Task prompt: Emit a verbatim copy of the lines below from the line with "25 HERCULES COURT" through the line with "Urbanview Sasono Putro", excluding pictures and everything outside that range.

Records to use:
↓

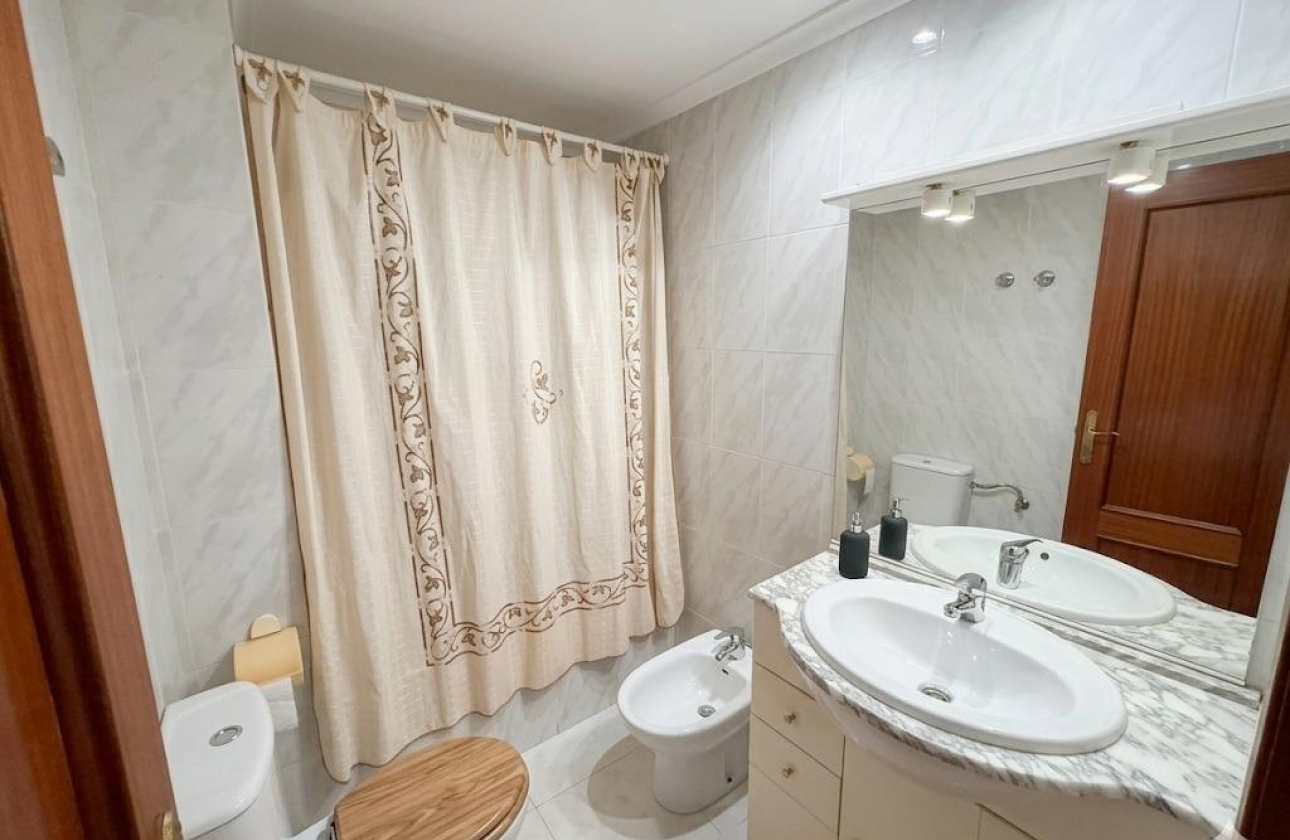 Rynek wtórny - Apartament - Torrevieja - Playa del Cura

↑
↓

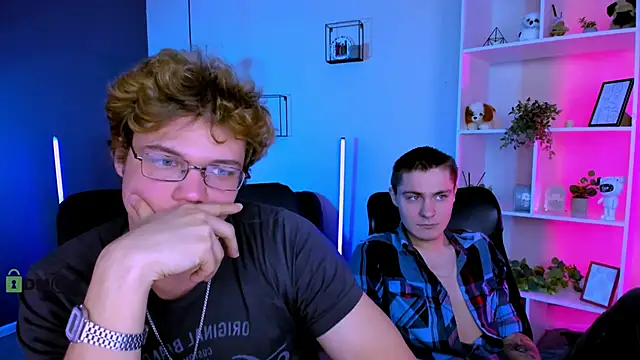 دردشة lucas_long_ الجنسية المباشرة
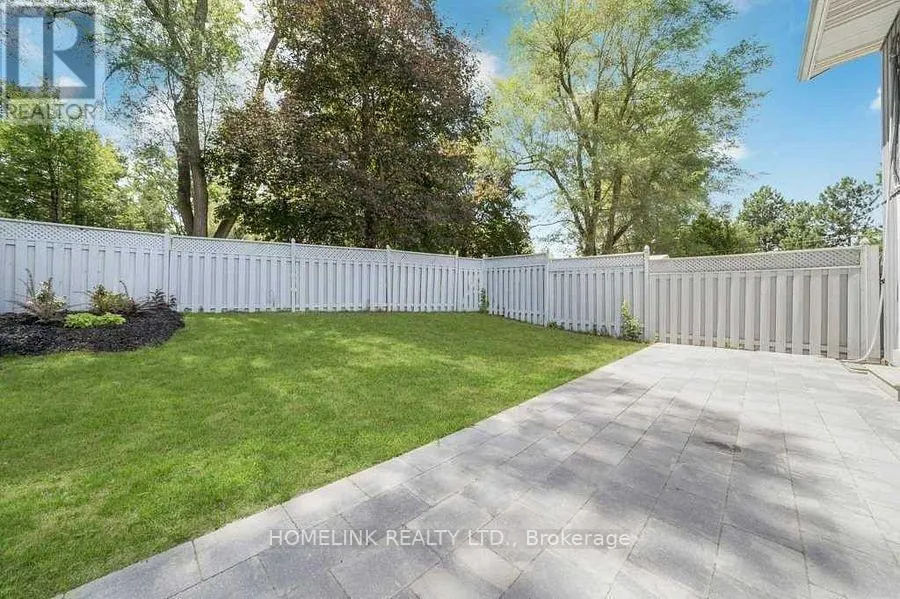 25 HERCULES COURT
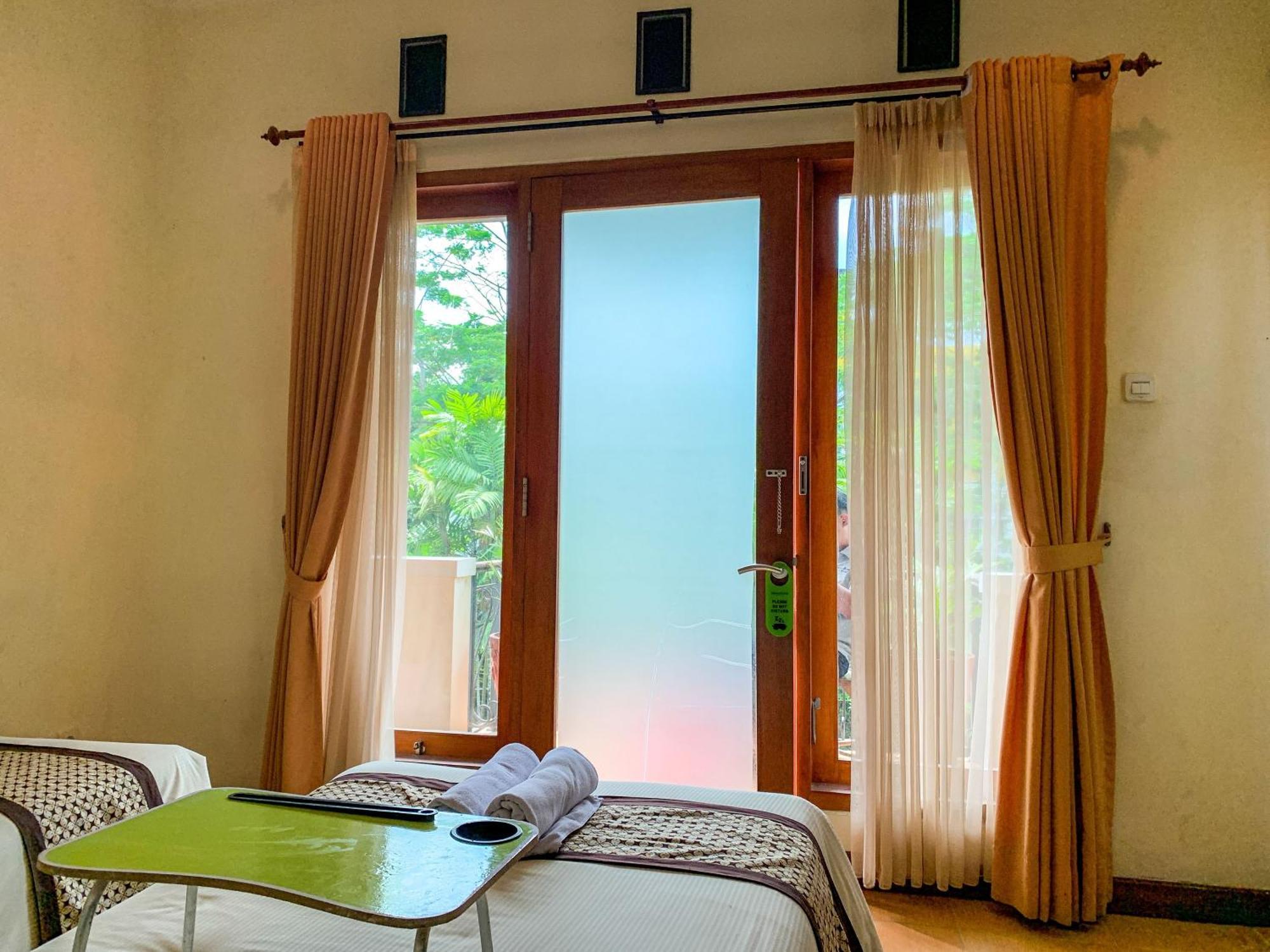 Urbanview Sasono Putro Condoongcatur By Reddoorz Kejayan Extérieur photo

↑

Solved problem:
 25 HERCULES COURT
 Urbanview Sasono Putro Condoongcatur By Reddoorz Kejayan Extérieur photo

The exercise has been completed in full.